SAN ANTONIO — Use of general anesthesia for acute stroke patients undergoing an endovascular procedure to open a large intracerebral artery occlusion was linked to significantly worse outcomes and an increased risk of death in two retrospective analyses. Conscious sedation appeared to be the safer alternative, but the results were not definitive, cautioned the two researchers who presented the findings at the International Stroke Conference in San Antonio.
“This needs further study in a prospective manner, as operator preferences of sedation method may have impacted the clinical observations,” Dr. Rishi Gupta said. The findings also showed that during 2006-2009, use of general anesthesia and conscious sedation was highly variable at several major U.S. centers.
Twelve centers contributed data on the 980 patients included in Dr. Gupta's review. At these centers, general anesthesia was used in 44% of the cases.
Dr. Gupta, a neurologist at Vanderbilt University in Nashville, was previously with the Cleveland Clinic Foundation. During 2006-2009, 65 of the 100 stroke patients who underwent an acute endovascular intervention at the Cleveland Clinic received general anesthesia. But after the new analysis was completed, “we shifted and used sedation as our primary modality,” he said in an interview.
Dr. Tudor G. Jovin, a neurologist at the University of Pittsburgh, presented the second analysis at the meeting, which showed a significant risk from general anesthesia. “At our center, we used intubation [general anesthesia] routinely until about 2 years ago, and then we changed to conscious sedation,” he said. The shift in Pittsburgh occurred before any findings implicated general anesthesia and intubation in causing adverse outcomes.
The analysis done by Dr. Jovin and his associates used data collected in the Merci Registry at 36 U.S. sites starting in June 2007 after the Merci embolic retriever device entered the U.S. market. It included 625 patients with an average age of 67 and a median NIH stroke scale score of 18; 52% were men. In the multivariate analysis, general anesthesia and intubation were associated with an 87% increase in 90-day mortality, compared with conscious sedation. General anesthesia was also linked to a 48% reduction in the rate of good outcomes, defined as a modified Rankin scale score of 2 or less. Both associations were statistically significant.
In the analysis by Dr. Gupta and his associates, patients had an average age of 66 and a median National Institutes of Health stroke scale score of 17. About a third of the patients also received intravenous tissue plasminogen activator.

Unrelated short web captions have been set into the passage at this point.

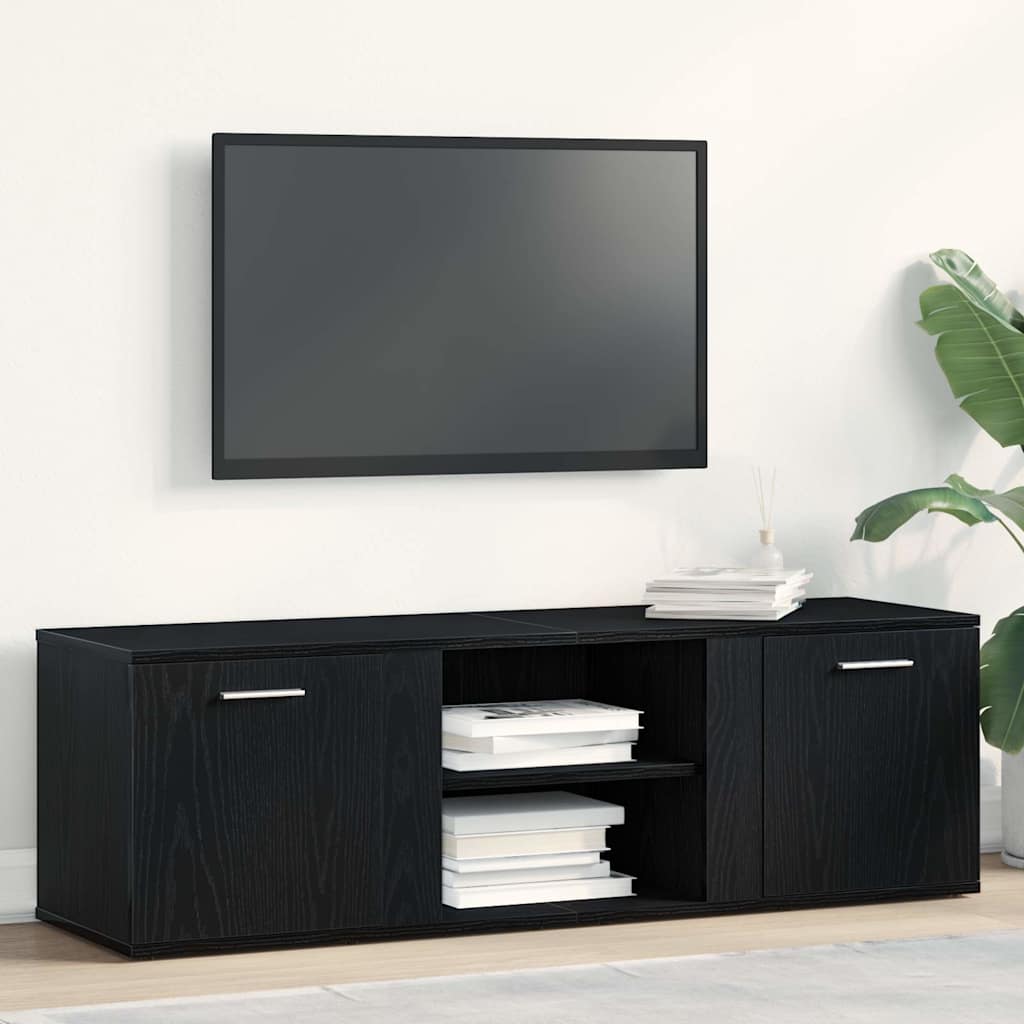 862475_1.jpg vidaXL TV skrinka, čierny dub, 120x34x37 cm, umelé drevo – Obrázok 1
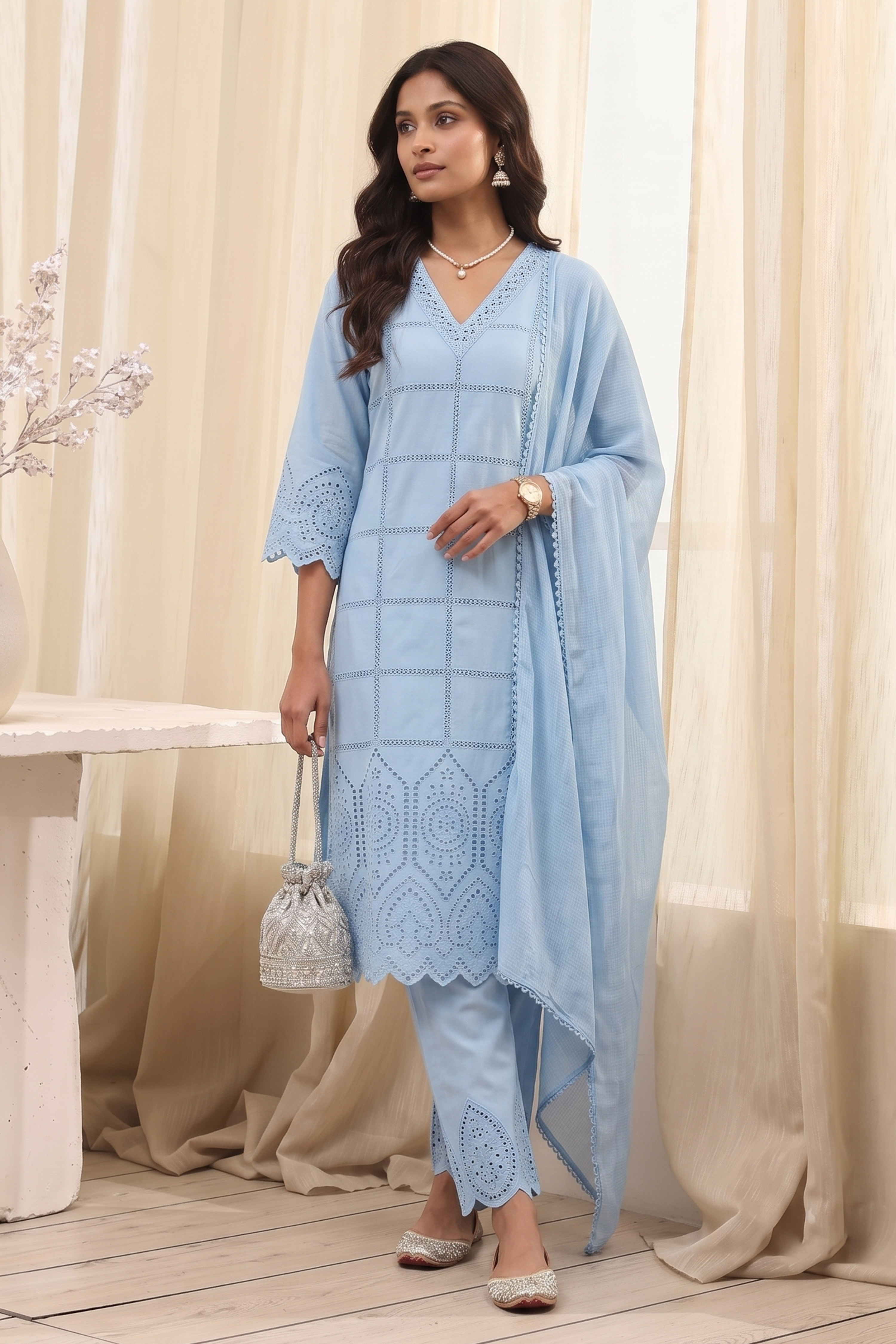 Blue Cotton Straight Suit Set image number 0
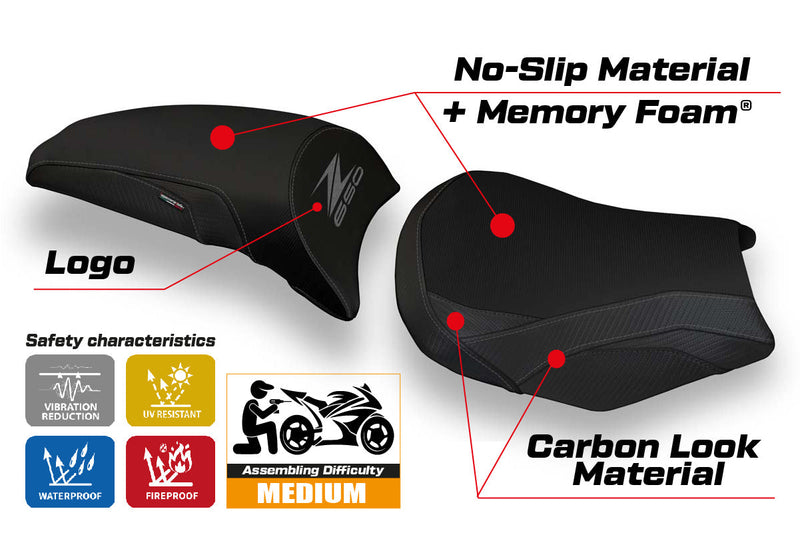 Kawasaki Z650 2017-2024 Seat Cover Tappezzeria Italia Comfort in Black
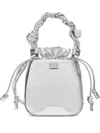 Ganni Mini Bou Twisted-handle Bucket Bag In Silver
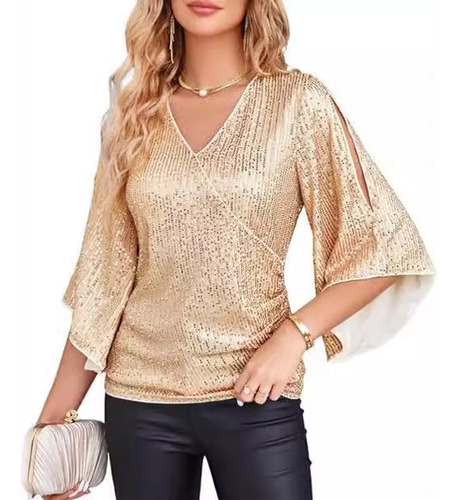 Camisa De Fiesta Ajustada Con Lentejuelas Para Mujer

Two-thirds had successful recanalization of their occluded cerebral artery. During the 90 days following endovascular treatment, 30% of the patients died and 37% had a good outcome, defined as a score of 2 or less on the modified Rankin scale.
In a multivariate analysis that controlled for variables such as age, NIH stroke scale score, and time to endovascular treatment, the risk of death was 68% higher in general anesthesia patients than in conscious sedation patients. The risk for a bad outcome—a modified Rankin scale score of 3 or greater—was more than twice as high in the general anesthesia patients as in the comparator group. Both differences were statistically significant.
Dr. Gupta has financial relationships with Concentric Medical, CoAxia, and Rapid Medical. Dr. Jovin has financial relationships with Concentric Medical, CoAxia, Micrus Endovascular, and eV3. He also has been a consultant to and has an ownership position in Neurointerventions Inc.
My Take
Reasons for Intubation Are Needed
The Interventional Management of Stroke trial showed similarly worse outcomes in patients managed with general anesthesia using prospective data.
It is important to know why patients are managed by general anesthesia instead of by conscious sedation. Some patients cannot be treated using conscious sedation.
We need to know whether patients were intubated because that's how everyone at a center was treated or because there was a specific patient need that might relate to their subsequent death or bad outcome.
My guess is that there is a relationship between use of general anesthesia and worse outcome, but I think the relationship is probably not as great as suggested in studies such as Dr. Gupta's.
JOSEPH P. BRODERICK, M.D., is professor of neurology and director of the Neuroscience Institute at the University of Cincinnati. He has received research grants and honoraria from and has been a consultant to Genentech Inc.